- **Entries supplied**:
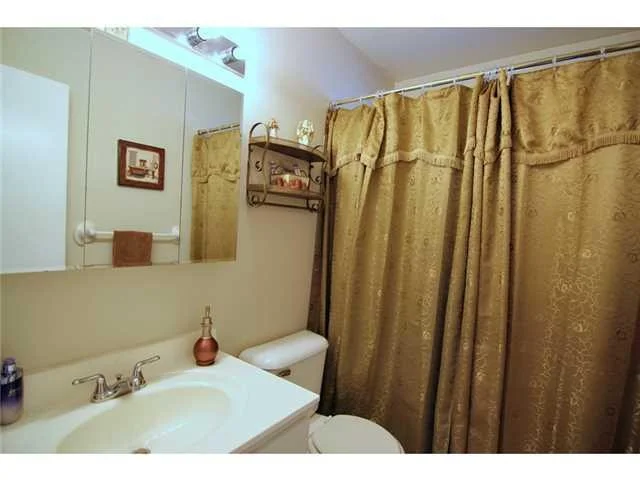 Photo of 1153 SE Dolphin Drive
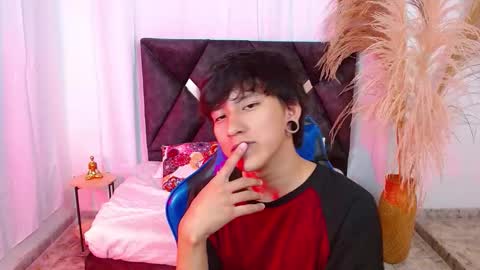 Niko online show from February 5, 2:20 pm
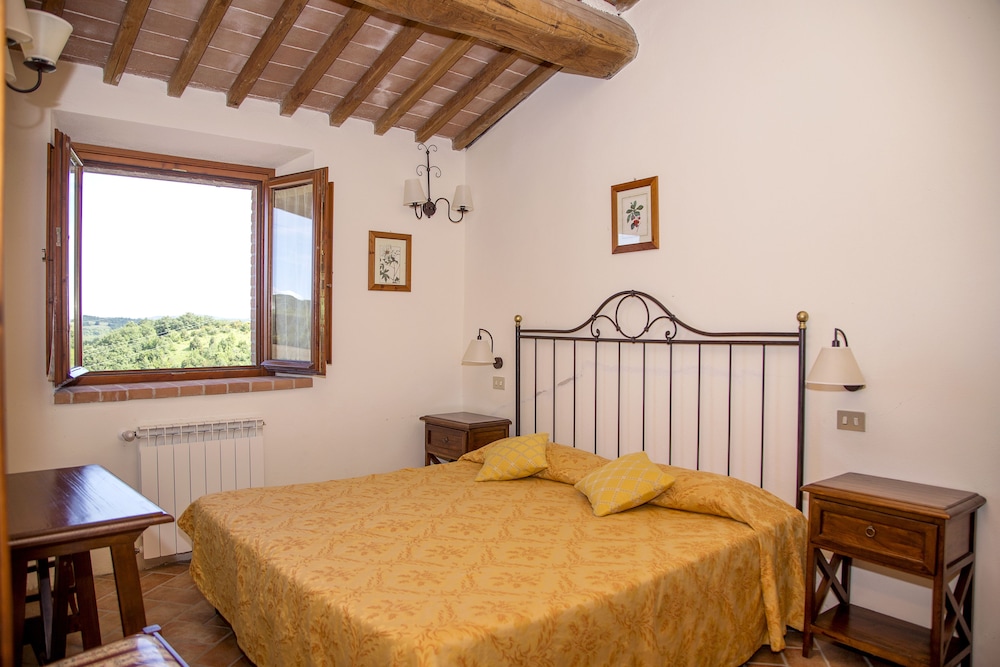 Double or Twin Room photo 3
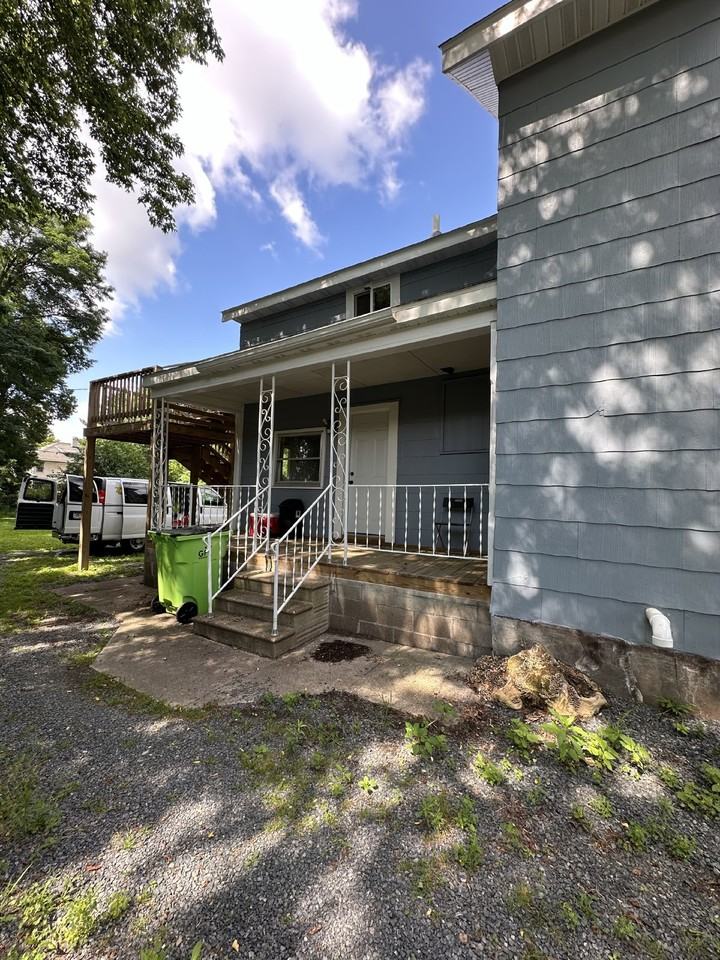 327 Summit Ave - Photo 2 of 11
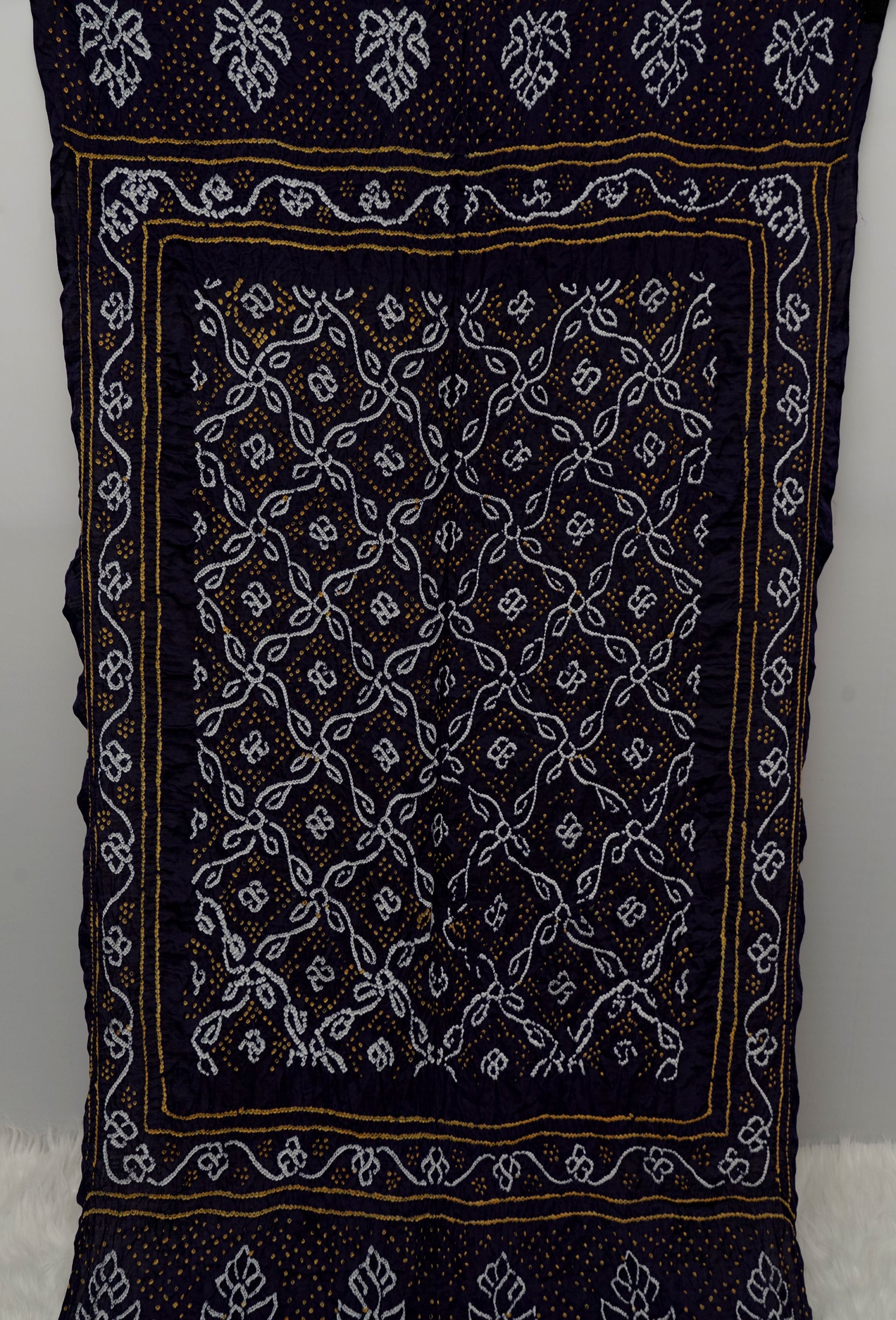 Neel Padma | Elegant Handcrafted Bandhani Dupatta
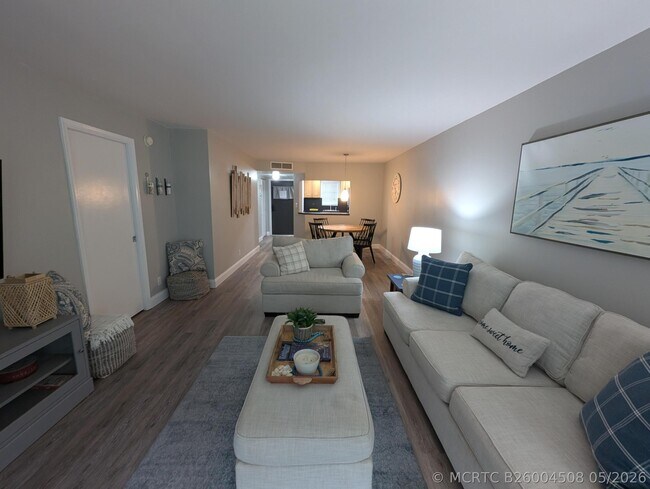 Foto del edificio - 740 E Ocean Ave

- **Your objective**: Once you find the line that contains "327 Summit Ave - Photo 2 of 11", give it again along with every later line through the end of the data, word for word, minus the pictures.

- **Response to this exercise**:
 327 Summit Ave - Photo 2 of 11
 Neel Padma | Elegant Handcrafted Bandhani Dupatta
 Foto del edificio - 740 E Ocean Ave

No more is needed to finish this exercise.